Body of Well-Known Toulon Boy Laid to Rest Here Yesterday
Another tragedy in which a Toulon
man was a participant occurred last Saturday morning in Virginia when Walter
Catton shot himself. The details of the affair have not yet been received so
that no one can tell just what occurred. A telegram which was received stated
that a letter was following but up to this morning it had not yet been received.
The first that was received came
to Franklin Catton Saturday morning and was sent from Fortress, Virginia by Fred
L. Perry, formerly of Toulon and for whom Catton was working. It stated, "Your
brother Walter shot himself at 5:40 this morning. Must have died instantly. Wire
A later telegram from Glenn
Hodges stated when the body was started on its way and this said that a letter
would follow. The body reached here yesterday morning but the letter has not yet
come as he doubtless took a little more time to write it and get it started.
The coroner's verdict which came
with the body merely stated that the death was caused by a gun shot wound, self
inflicted. From the looks of the body the shot evidently entered under the chin
and and came out the top of the head. It is difficult to tell whether it was
from a shotgun or a rifle, but it looked more like a rifle shot. The face was
more or less scratched as if it might have taken place in a thicket or bunch of
bushes or possibly on the ground where there was a supply of gravel.
No one can imagine what may have
led to the shooting. Letters received by the family and friends recently seemed
to indicate that he was cheerful and contented. It is not known that he had any
particular troubles that might bring about such an act and it may never be known
what led to it.
Along early in January, Walter,
in company with Sidney Winans and Ted Perry drove to Virginia in the Perry car.

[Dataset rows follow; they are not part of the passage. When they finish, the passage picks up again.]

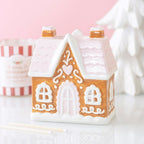 Quemador de aceites y cera con forma de casita de jengibre – Ami Home Decor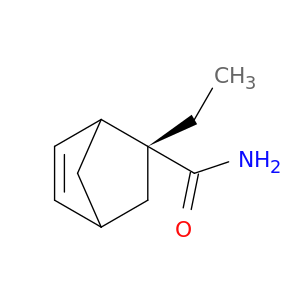 (2r)-2-ethylbicyclo[2.2.1]hept-5-ene-2-carboxamide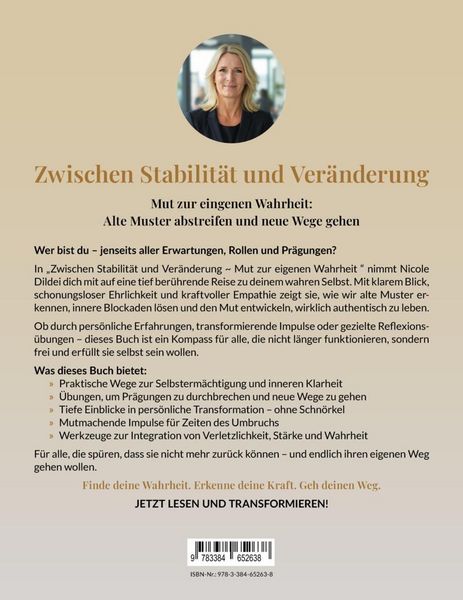 Produktbild: Zwischen Stabilit&auml;t und Ver&auml;nderung &ndash; Mut zur eigenen Wahrheit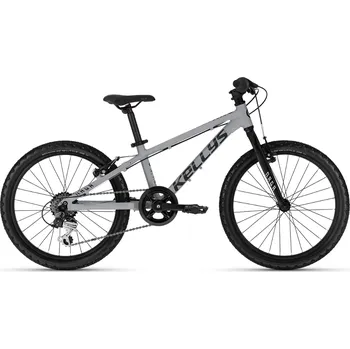 Dětské kolo Kellys Naga Air 50 20 2024 stříbrná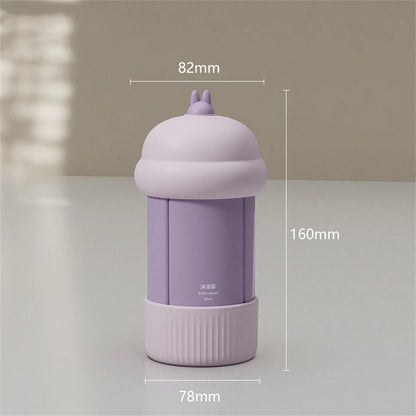 Travel Bottle Portable Refillable Split Bottling Double Sealed Covers Lotion Storage Bottles Squeezable Liquid Container Box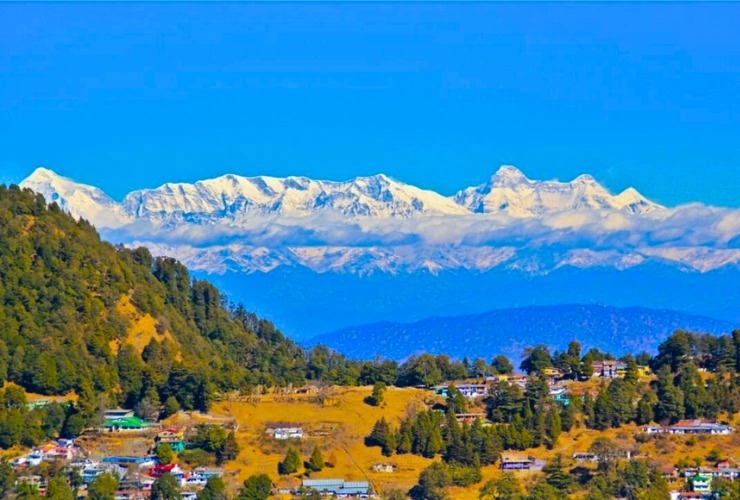 Mukteshwar Himalayan views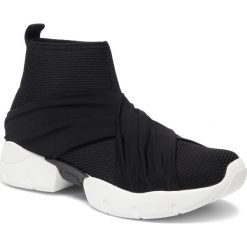 Sneakersy TWINSET - Running 192MCP068 Nero 00006. Czarne półbuty damskie Twinset, ze skóry. W wyprzedaży za 479,00 zł.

He took with him his surveying instruments and he and Perry expected to do some
tilling and surveying down there. A number of Toulon people are in the vicinity
of Norfolk and although some of them are separated by a few miles they are all
close enough together so that they often see each other.
Until more information is
received, it is impossible to know just what took place down there and it may be
that there will be nothing more known when letters do get through. The news was
a great shock to the members of the family who have the sympathy of the whole
Walter was a fine young man and
was held in the highest esteem by all.
The following sketch of his life
was read at the funeral service.
"Walter Clark Catton, eldest son
of Arthur H. and Anna M. Catton was born at West Jersey, Illinois, February 17,
1889 and died at Hickory, Virginia, April 30, 1921.
When but a few months old he
moved with his family to Toulon where he has since made his home. Here he
received his education in the public school, graduating with the class of 1905.

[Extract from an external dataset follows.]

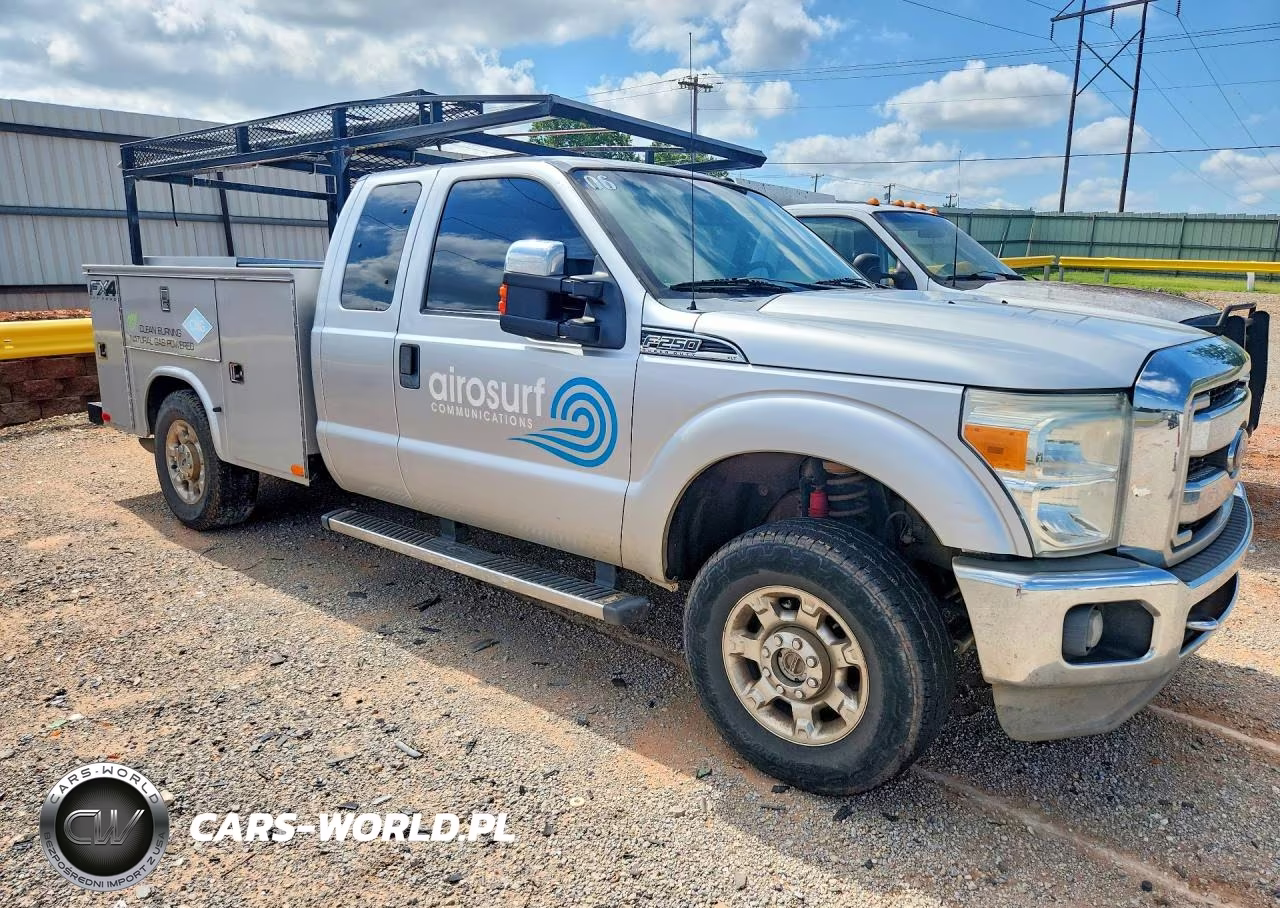 2012 Ford F250 Super Duty VIN:1FT7X2B60CEA89082 - 4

He became a member of the Congregational church under the pastorate of the
Reverend G. A. Rexford.
During his service in the World
War he was located at Laredo, Texas for several months, later he was transferred
to the Officers' Training School, Camp Zachary Taylor, Louisville, Kentucky,
from whence he was discharged after the armistice.

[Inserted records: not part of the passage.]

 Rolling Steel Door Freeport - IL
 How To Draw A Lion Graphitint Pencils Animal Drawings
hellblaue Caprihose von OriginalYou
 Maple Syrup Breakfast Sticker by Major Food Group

He was a member of Toulon Lodge
No. 93, Ancient Free & Accepted Masons, a member of the Order of the Eastern
Star, Chapter N. 10 and of the local post of the American Legion. He was a man
who loved his home, a kind and affectionate son and brother, a true friend, a
delightful companion to those who knew him best, in his service to his country,
a soldier in the highest sense of the word.
He made his work a success
because he studied his profession and put into practice the result of that
study, and to the successful outcome of his work the many who employed him bear
Besides his parents there are
left to mourn his loss, his sisters, Mrs. A. D. Alldredge, Edelstein, Illinois;
Mrs. William F. Munro, Griswold, Iowa; and his brother Franklin and family of
Toulon and brother Miles, at home, also many relatives and friends.
The funeral services were held
yesterday afternoon at 2 o'clock in the Congregational church which was taxed to
its capacity with the relatives and friends of the deceased. The members of
Toulon Lodge No. 93, A. F. & A. M., Toulon Chapter No. 10, O. E. S. and the
American Legion attended as organizations. The services were in charge of
Reverend C. A. Parmiter, of Kewaunee, former pastor of the Toulon Congregational
church, and he was assisted by Reverend M. J. Norton.
The music was furnished by a
quartet consisting of Mrs. E. H. Lloyd, Mrs. Grace Brace, G. S. Walker, and H.
W. Lloyd, who sang, "In The Hour of Trial," "In Thy Love, O God," and "They'll
Be No Tears In Paradise." Mis Irene Nowlan accompanied them on the organ.
The bearers were Masons who had
been close friends of Walter's. They were Carl Vansickle, Forrest Scott (DePue),
W. S. Newton, Eugene Rennick, Lee Stillman and William Lehman. There were many
very beautiful floral offerings which testified to the love and respect of many
for the one who is gone. The Masons had charge of the service at the cemetery
and used the regular ceremony. The interment was in the Toulon cemetery.